Cinematographer David Tattersall BSC says:
I remember Lee as a young electrician hauling 18Ks through the slush and snow in New Zealand and have seen him rise through the ranks to become a top class gaffer. So I was very happy to get the chance to work with Lee on The Foreigner.
This gritty fast-paced thriller was shot mostly in central London. The script is packed with quarter and half-page scenes, which meant lots of location moves, sometimes as many as four in a day. The crew would need to operate like a fine Swiss timepiece to have a chance of making the call sheet.

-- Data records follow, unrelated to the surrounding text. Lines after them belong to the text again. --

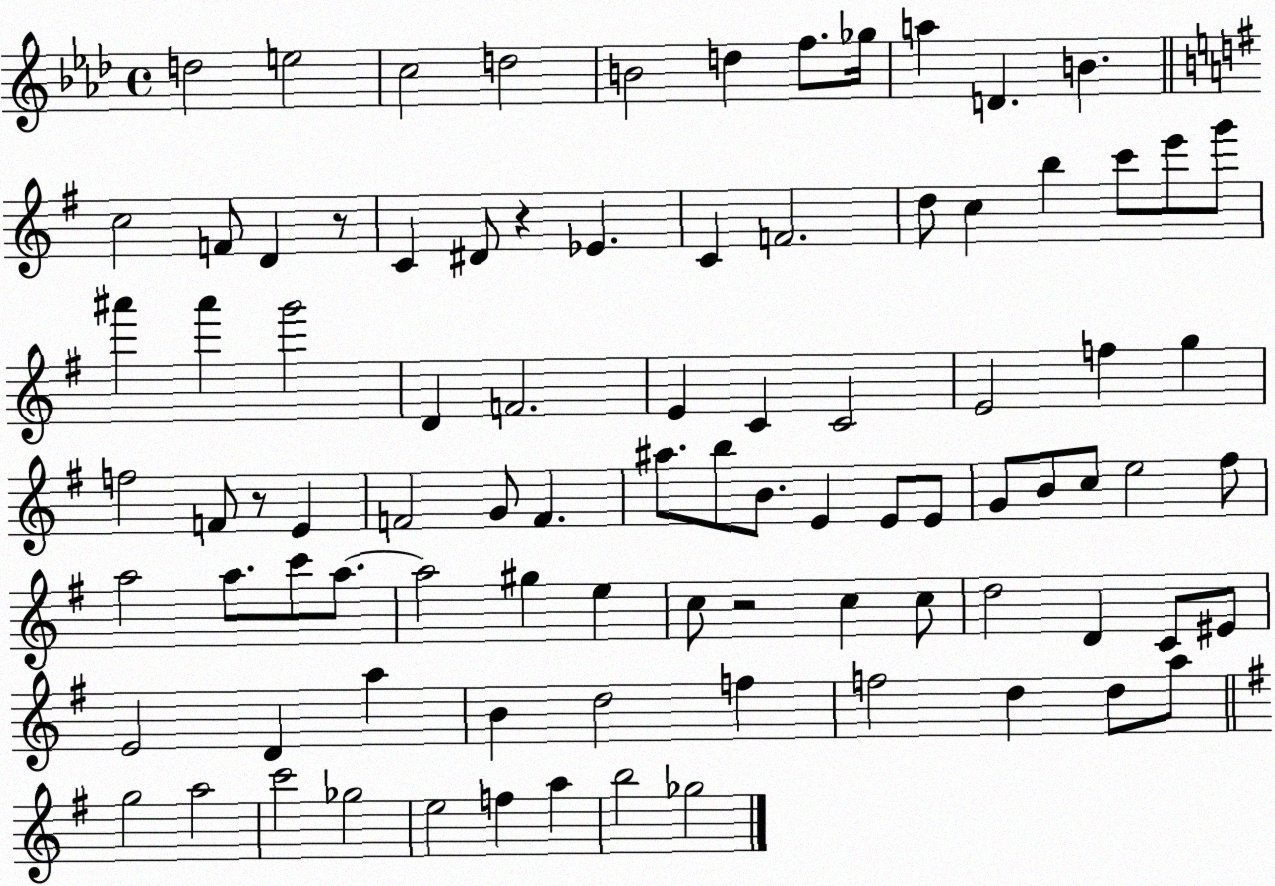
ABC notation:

X:1
T:Untitled
M:4/4
L:1/4
K:Ab
d2 e2 c2 d2 B2 d f/2 _g/4 a D B c2 F/2 D z/2 C ^D/2 z _E C F2 d/2 c b c'/2 e'/2 g'/2 ^a' ^a' g'2 D F2 E C C2 E2 f g f2 F/2 z/2 E F2 G/2 F ^a/2 b/2 B/2 E E/2 E/2 G/2 B/2 c/2 e2 ^f/2 a2 a/2 c'/2 a/2 a2 ^g e c/2 z2 c c/2 d2 D C/2 ^E/2 E2 D a B d2 f f2 d d/2 a/2 g2 a2 c'2 _g2 e2 f a b2 _g2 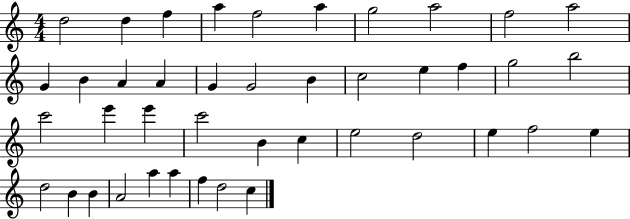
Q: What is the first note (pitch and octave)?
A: D5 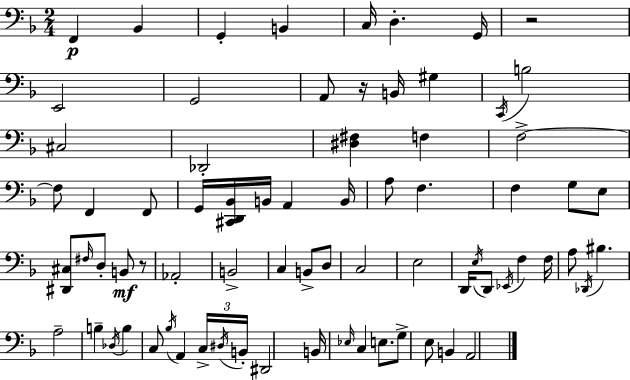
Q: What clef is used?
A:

For Lee and his electrical crew the challenge would be dealing with big city logistics: leapfrogging equipment from one location to the next - generators, cranes, miles of cable! Then devising creative rigging solutions with limited space and time to sculpt the light. Lee's experience as best boy and rigging gaffer served him well. He loves that stuff and, with his devoted crew working like ninja-magicians, the sets were cabled, lit and ready to shoot before the tea trolley arrived!
A great gaffer needs to know the equipment inside-out, but also needs to be an inspirational leader, a manager, a politician, an artist and an endurance athlete. Lee ticks all the boxes and also comes to the set every morning with his 100kW smile.